A produção de veículos aumentou 14,1%, em janeiro em comparação com dezembro. A indústria automobilística fabricou 93.205 unidades. O volume é também 10,35% maior do que o de janeiro do ano passado. Incluindo veículos importados, foram distribuídas para a rede de revendedores 88.236 unidades, 3,2% mais do que em dezembro. Por outro lado, a venda no atacado encolheu 5,3% na comparação com o mesmo mês de 1999. No varejo os concessionários do País venderam 86.100 unidades, o que representou uma queda de 5% em relação a janeiro de 1999.

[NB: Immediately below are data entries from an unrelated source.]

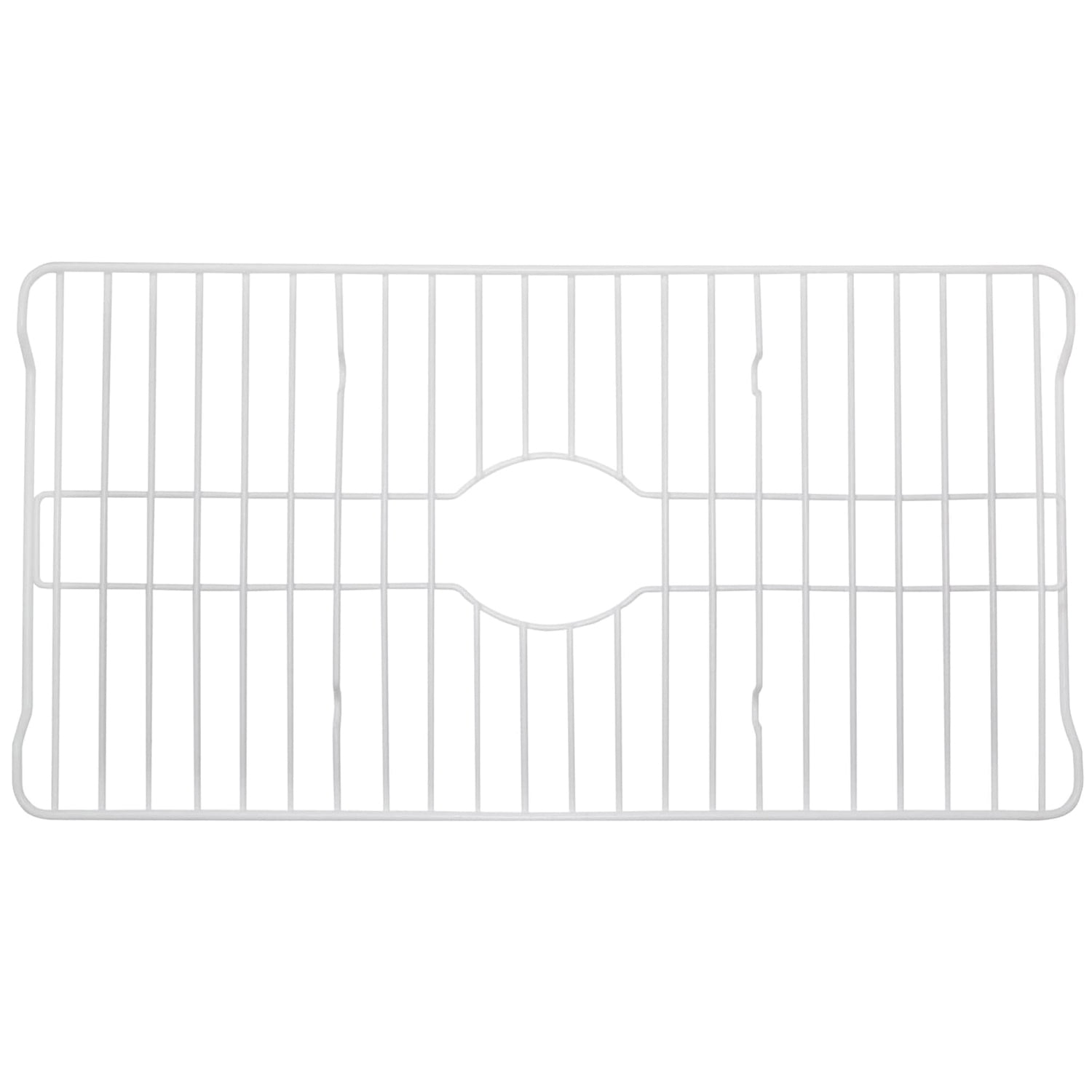 Better Houseware Extra-Large Coated Steel Sink Protector, White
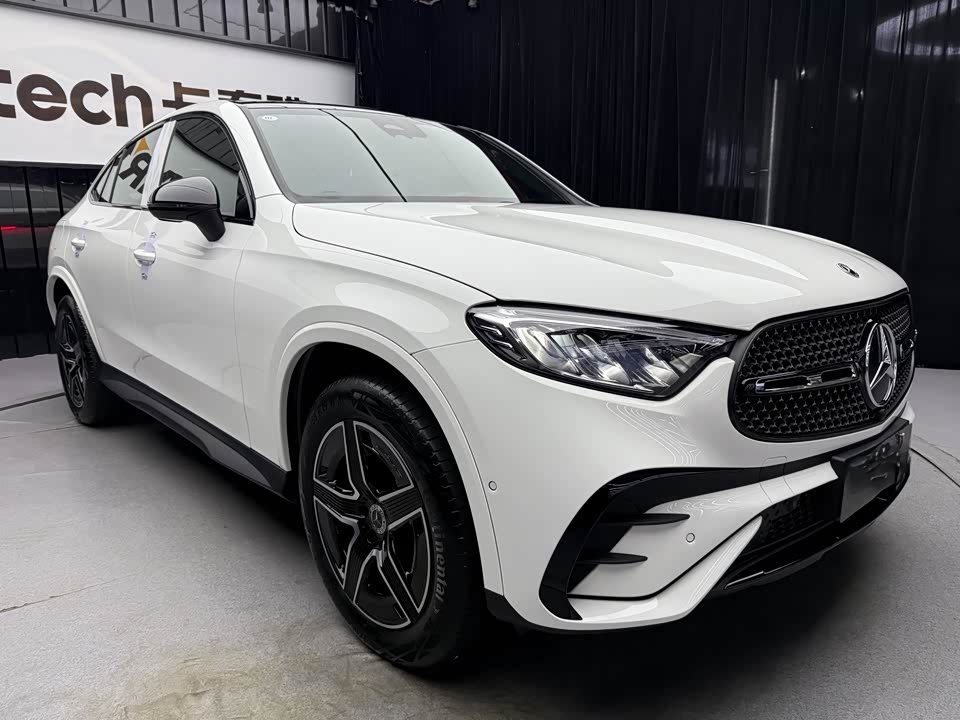 Mercedes-Benz GLC Coupe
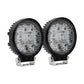 Giantz Pair LED Driving Lights 4.5 Inch Flood Spot Lights Car Truck SUV 12V 24V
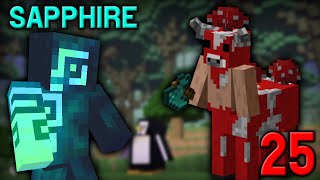 Minecraft Let's Play - Sapphire Survival 25 Qism O'zbekcha minecraft #Kayzo #Minecraft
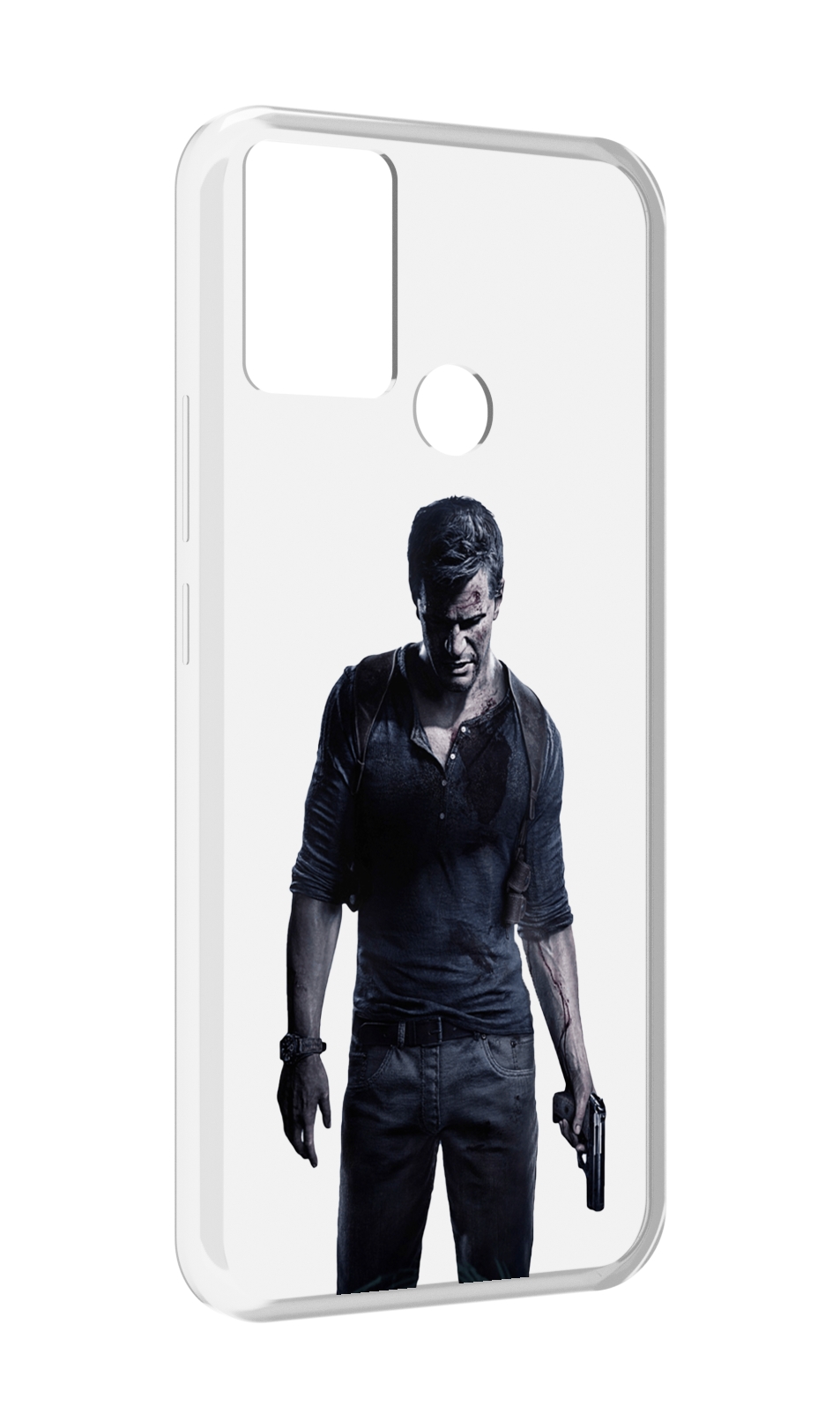 

Чехол MyPads uncharted-4 для Infinix Hot 11 Play, Прозрачный, Tocco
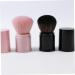 DOITOOL Flexible Makeup Brush Loose Powder Brush Washable Makeup Brush Highlighters Powder Brush for Travel Makeup Powder Puff Face Powder Cosmetic Paint Hair Accessories 8.3x3.3cm Pink - Buy Online on GoSupps.com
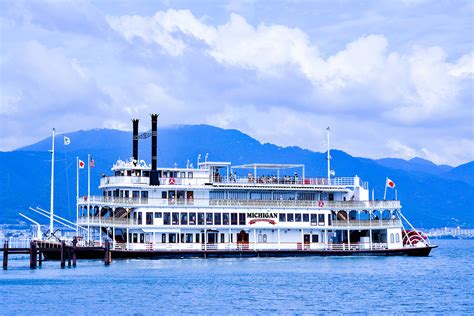 Lake Biwa Cruise Ab Shigaen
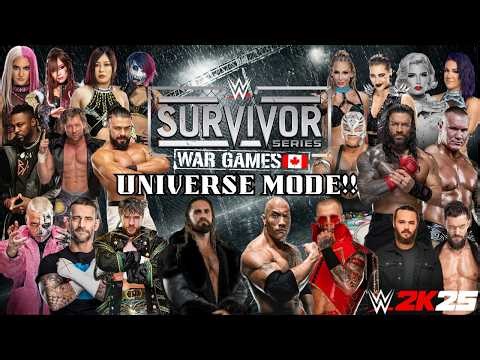 Survivor Series: Wargames! Kenny v Roman, Rhea v Bianca & SO MUCH MORE!!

A indústria automobilística começa o ano exportando mais do que em janeiro de 99. As montadoras conseguiram faturar US$ 220,7 milhões com as vendas ao exterior, 7,8% mais do que no mesmo período do ano passado. Os populares continuam sendo os mais vendidos do mercado. Os veículos com motor 1.0 representaram, em janeiro, 70,4% das vendas. Já os carros a álcool continuam sendo vendidos em ritmo lento: 986 unidades com este tipo de motor foram distribuídas no mercado, 1,3% das vendas totais. O nível de emprego está melhor do que há um ano. As montadoras empregam, hoje, 95.600 trabalhadores, 1,9% mais do que em janeiro de 99.